Cartier belongs to Richemont, as does Van Cleef & Arpels. Bulgari just joined LVMH. Could Tiffany be the next name swallowed by a luxury conglomerate? Some market watchers think so. “Analysts and bankers say the U.S. jeweler, which has a market capitalization of $8 billion, is likely to be snapped up,” according to a March 16 Reuters article. One financial adviser told the newswire that French conglomerate PPR, which owns Gucci and Parisian jeweler Boucheron, “looked seriously” at buying Tiffany in the past, but couldn’t finance it. In the wake of the Bulgari deal, “they may start looking at it again.”


iStockphoto

7. Diamonds

Diamond prices rose an average of 6 percent in March, according to ­Rapaport Research, leading some to wonder whether the rapid upward spiral has more to do with speculation than with market fundamentals. Now that view has been endorsed by one of the most powerful men in the industry: Fyodor Andreev, CEO of Alrosa, the world’s largest diamond producer. In a March 18 interview on Bloomberg.com, Andreev noted his company’s rough prices are now 8 percent higher than they were in 2008 before the financial crisis, even though the retail market hasn’t fully recovered.
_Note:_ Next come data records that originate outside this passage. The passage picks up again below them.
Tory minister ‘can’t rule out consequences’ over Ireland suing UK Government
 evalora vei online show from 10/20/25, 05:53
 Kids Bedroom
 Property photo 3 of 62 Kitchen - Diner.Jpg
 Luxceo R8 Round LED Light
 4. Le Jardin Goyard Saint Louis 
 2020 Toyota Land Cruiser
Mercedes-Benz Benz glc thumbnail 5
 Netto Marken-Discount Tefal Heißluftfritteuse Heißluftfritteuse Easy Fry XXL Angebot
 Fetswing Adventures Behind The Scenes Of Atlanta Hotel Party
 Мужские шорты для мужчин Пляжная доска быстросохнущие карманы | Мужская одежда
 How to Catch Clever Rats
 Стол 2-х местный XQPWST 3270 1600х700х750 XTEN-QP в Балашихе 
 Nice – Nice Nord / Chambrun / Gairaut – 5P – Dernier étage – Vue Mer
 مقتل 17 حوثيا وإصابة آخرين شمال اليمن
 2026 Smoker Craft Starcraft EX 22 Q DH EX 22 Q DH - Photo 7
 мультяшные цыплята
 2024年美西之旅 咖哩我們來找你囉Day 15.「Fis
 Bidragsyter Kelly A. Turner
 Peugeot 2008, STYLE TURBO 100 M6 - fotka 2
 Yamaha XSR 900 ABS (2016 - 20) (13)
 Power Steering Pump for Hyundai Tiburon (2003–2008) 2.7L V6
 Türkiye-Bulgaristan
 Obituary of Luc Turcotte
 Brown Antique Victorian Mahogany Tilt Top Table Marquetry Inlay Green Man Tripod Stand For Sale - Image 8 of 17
For rough and polished to be so out of whack is “dangerous,” Andreev said—implicitly warning that regardless of how fast something rises, it can fall just as quickly.

 

8. Law

Jewelers had long been wary about the provision in the Affordable Care Act that would require them to file 1099 forms for most of their vendors; one Maryland retailer, Seth Shipley, even testified in Congress against it. On April 5, the Senate voted to eliminate the provision, following in the House’s footsteps. At press time, the measure seemed certain to be repealed; all that remained was for President Obama to sign the bill.

 

9. Crime

Here’s a (good) news flash about the jewelry industry: It’s getting safer. According to the Jewelers’ Security Alliance, the total number of crimes against the jewelry industry decreased 4.5 percent in 2010, and total losses declined 17.3 percent. JSA executive director John Kennedy attributes the drop to increased efforts by the FBI and local law enforcement agencies, but stresses that the fight against jewelry crime is far from over: “Much progress has been made in the last decade. But the risk of crime and violence is something that jewelers still face every day.”

 

10. Stats

The numbers “are still showing improvement,” says Jewelers Board of Trade president Dion Kenyon. “From a macro sense, things are definitely getting better.” Still, she feels “things quieted down for the industry” a bit in March. “Consumers seem to be a little more cautious,” she says. “But the top end is still seeing a strong performance. We are not going backwards, but I feel like the momentum has slowed a bit.”